On a practical level, participants pointed out that although social and emotional support was often available for children with TS and their parents, resources for adults were limited and could not be easily accessed. The study found that individuals with TS were at a high risk of failing to transition successfully to adult services and suggested that additional preparation is needed:

“At the age of 16, I was just pushed over the edge and told to get on with life. I've not had any inquiries or contact from anyone regarding it … since the age of 16. That was it. That was the end of my care as far as anyone was concerned.” 

Broadlyparticipants felt that their social support needs were not adequately addressed and did not have access to support groups that were specifically for adults with TS. 

Lead researcher, Dr Melina Malli, says: “Our findings suggest that in contrast to popular belief, people with Tourette’s may experience many difficulties in their everyday life that are not associated with compulsive swearing. The tics can be debilitating, extremely painful and everyday chores around the house, such as preparing a cup of tea, can be extremely difficult.  

“Many of our participants with Tourette’s reported that they rely on their partners or family members for support as they would be too ashamed or embarrassed to ask for help for a “swearing disease”. Many talked about the loneliness linked to having a condition that renders them a joke, whilst others highlighted the lack of reasonable adjustment their employers were willing to make for them. These are all aspects of Tourette’s that have not been talked about, as the condition has been trivialised through humour and jokes.” 

The study concluded that social care workers need to have specialist knowledge in relation to TS, its psychosocial consequences and underlying nature to be able to respond more holistically to people’s needs. 

This work has spurred a new project which will help inform an upcoming book - ‘Tourette’s Syndrome, Stigma and Society’.  Humour will form part of this work, with chapters focusing on the role of comedy in perpetuating but also challenging some of the stigma which persists.  

Professor Rachel Forrester-Jones, Director of the Centre for the Analysis of Social Policy at the University of Bath explains: “For many with Tourette’s Syndrome we find that the stigma they experience is as a direct result of feeling that people are laughing at them. Over the years jokes about Tourette’s have resonated and have shaped what people think about the condition, yet in a very narrow and specific way. This matters and has tangible impacts on people’s lives because, partly as a consequence, we’ve too often downplayed the severity of Tourette’s and the support people need.  

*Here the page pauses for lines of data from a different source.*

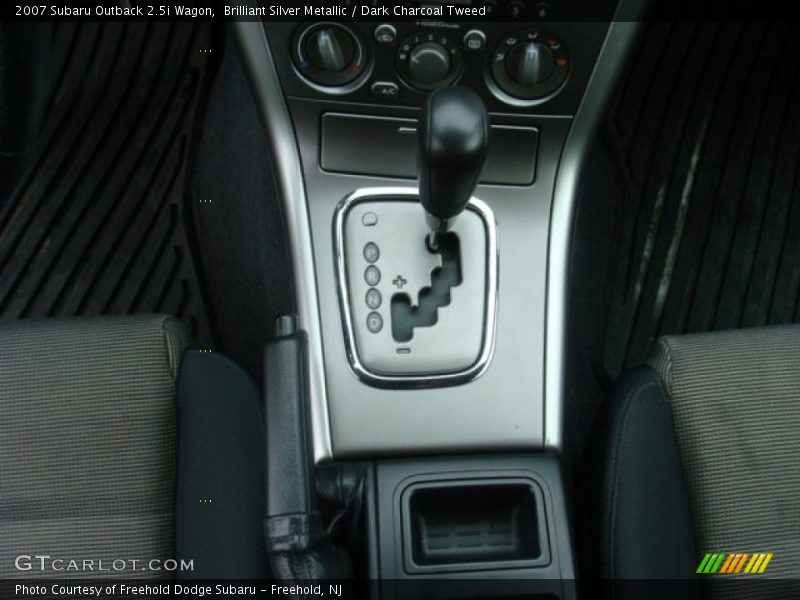 Brilliant Silver Metallic / Dark Charcoal Tweed 2007 Subaru Outback 2.5i Wagon
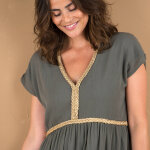 Robe courte col v, détails tressés dorés, crépon - lora zellini Robe courte col v, détails tressés dorés, crépon - lora zellini
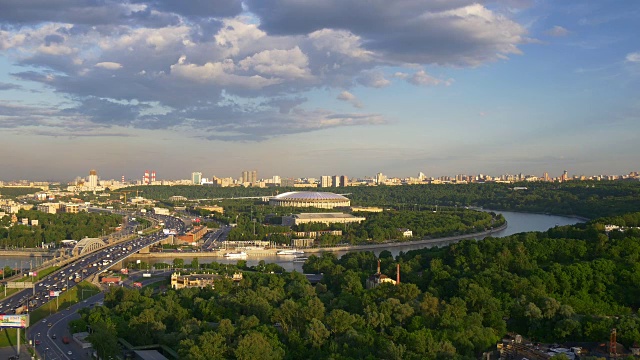 详情图-俄罗斯日落时间莫斯科著名的卢日尼基体育场麻雀山屋顶全景4k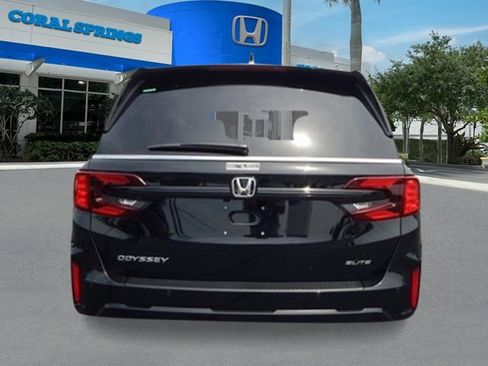 New 2026 Honda Odyssey Elite image 4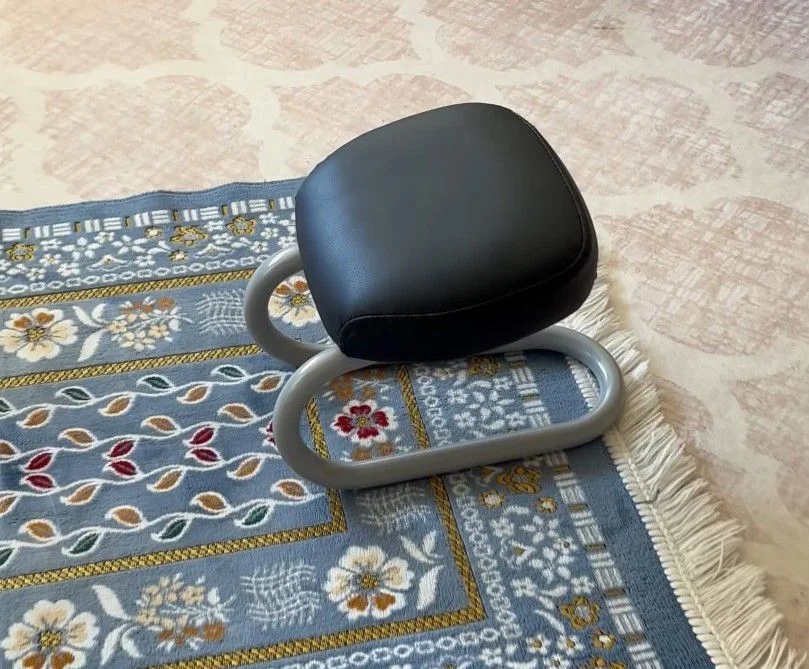 كرسي مريح لراحة الركبتين والظهر – مصنوع من مواد عالية الجودة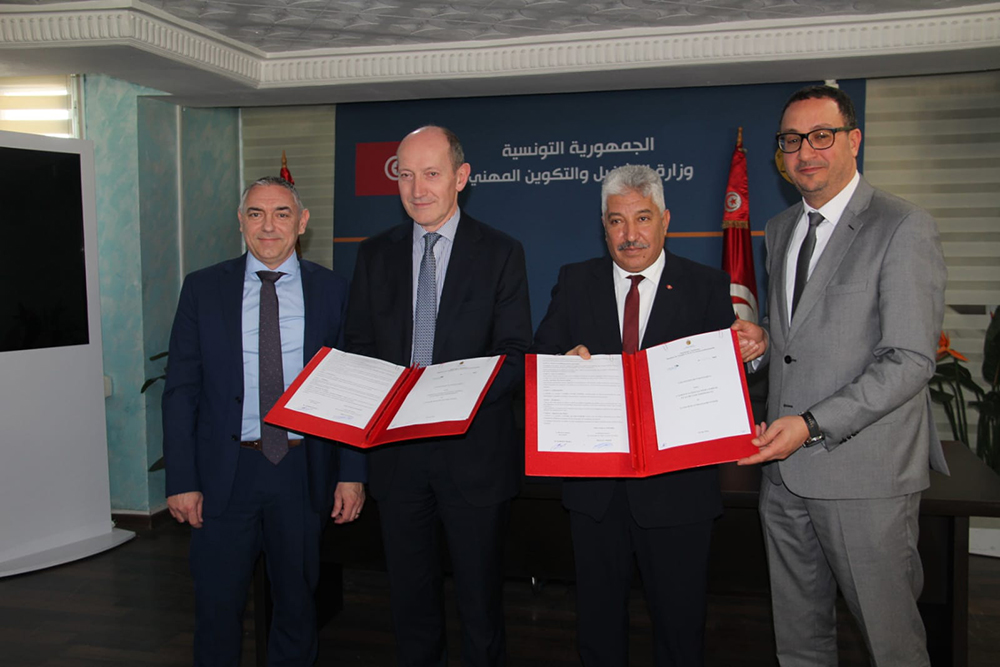 🔴اتفاقية تعاون توفّر أكثر من 1500 موطن شغل خلال 3 سنوات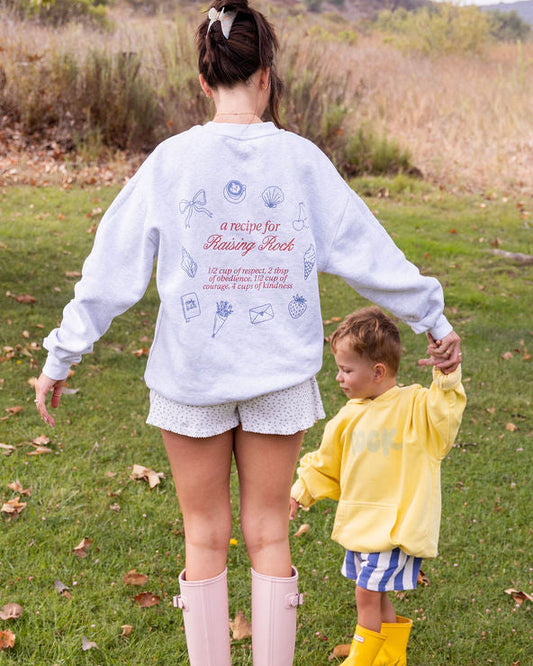 Small Steps Strong Character Sweatshirt - White Heather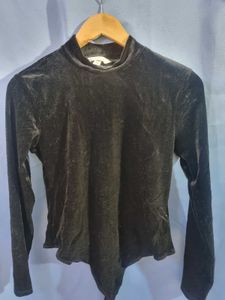 H&amp;M Chic Black Velvet Bodysuit
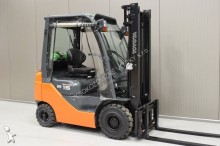 Toyota gas forklift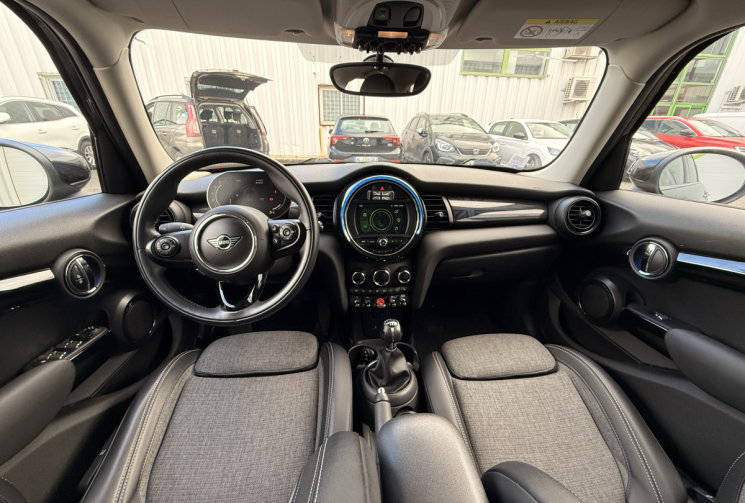 Mini Mini 3 (F55) 5 Portes Cooper greenwich 1.5 i 12V 136 cv greenwich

“This new work is a recognition that comedy is a powerful tool. But by turning this issue on its head and by talking with comedians who themselves have Tourette’s we want to give them ownership of the issue, empowering them to shape the debates and discourse which influence attitudes towards Tourette’s. 

The researchers are working with a number of comedians with TS based both in the UK and abroad, including Gerald Harris, Dan Zerin and Yaïra van Nielen.